Material supplied
----------

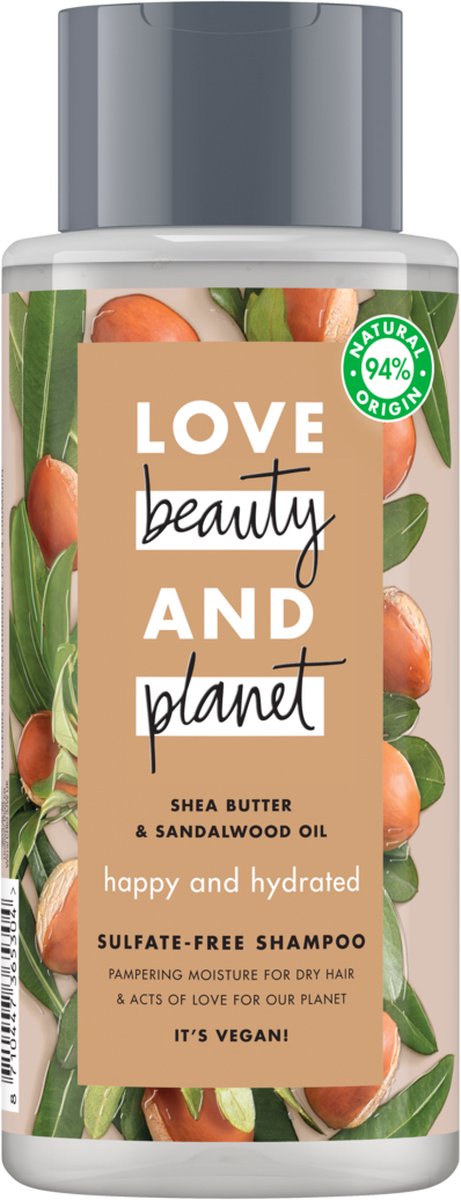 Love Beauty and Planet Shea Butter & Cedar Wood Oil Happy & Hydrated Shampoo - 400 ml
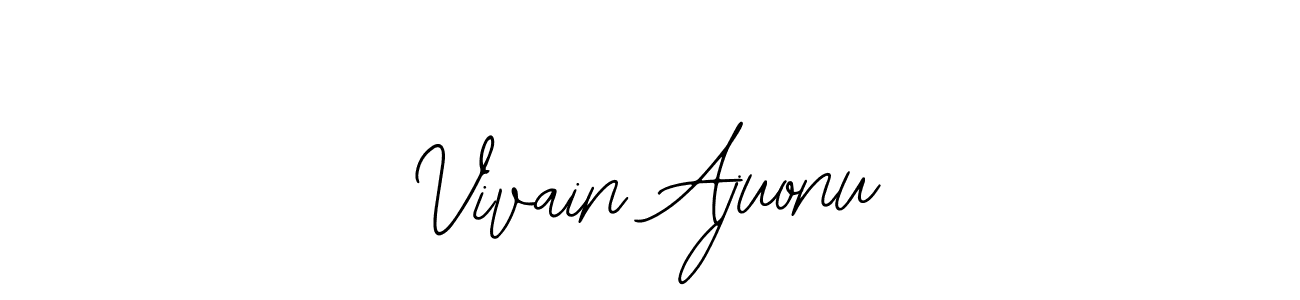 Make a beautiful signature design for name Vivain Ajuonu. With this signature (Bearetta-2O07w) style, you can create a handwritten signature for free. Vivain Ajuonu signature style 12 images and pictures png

----------

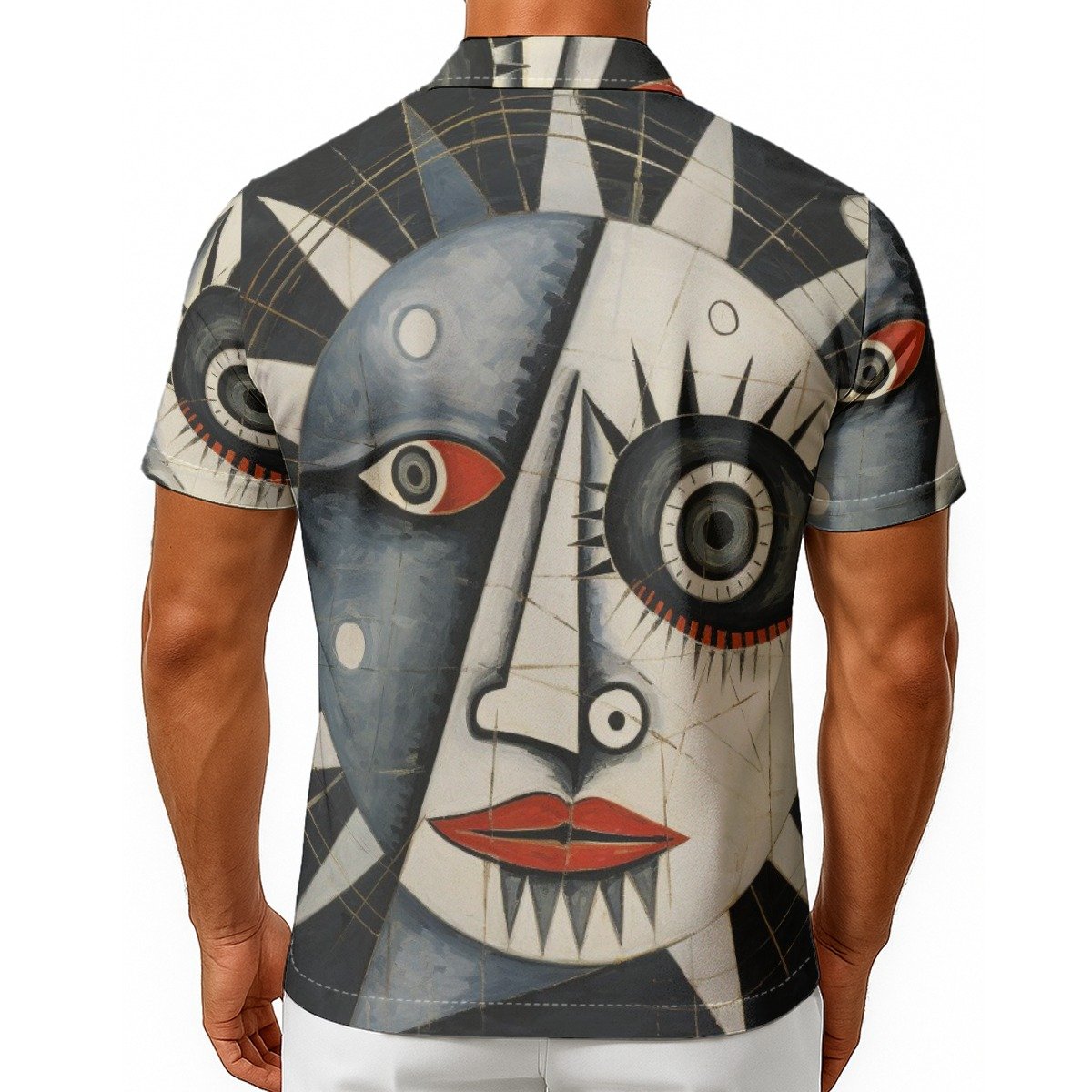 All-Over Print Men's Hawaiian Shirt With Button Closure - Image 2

----------

Your goal
Excerpt from the records above: set down only the lines from the one that contains "Love Beauty and" through the one that contains "Make a beautiful", inclusive, word for word. Pictures stay out.

Answer
 Love Beauty and Planet Shea Butter & Cedar Wood Oil Happy & Hydrated Shampoo - 400 ml
 Make a beautiful signature design for name Vivain Ajuonu. With this signature (Bearetta-2O07w) style, you can create a handwritten signature for free. Vivain Ajuonu signature style 12 images and pictures png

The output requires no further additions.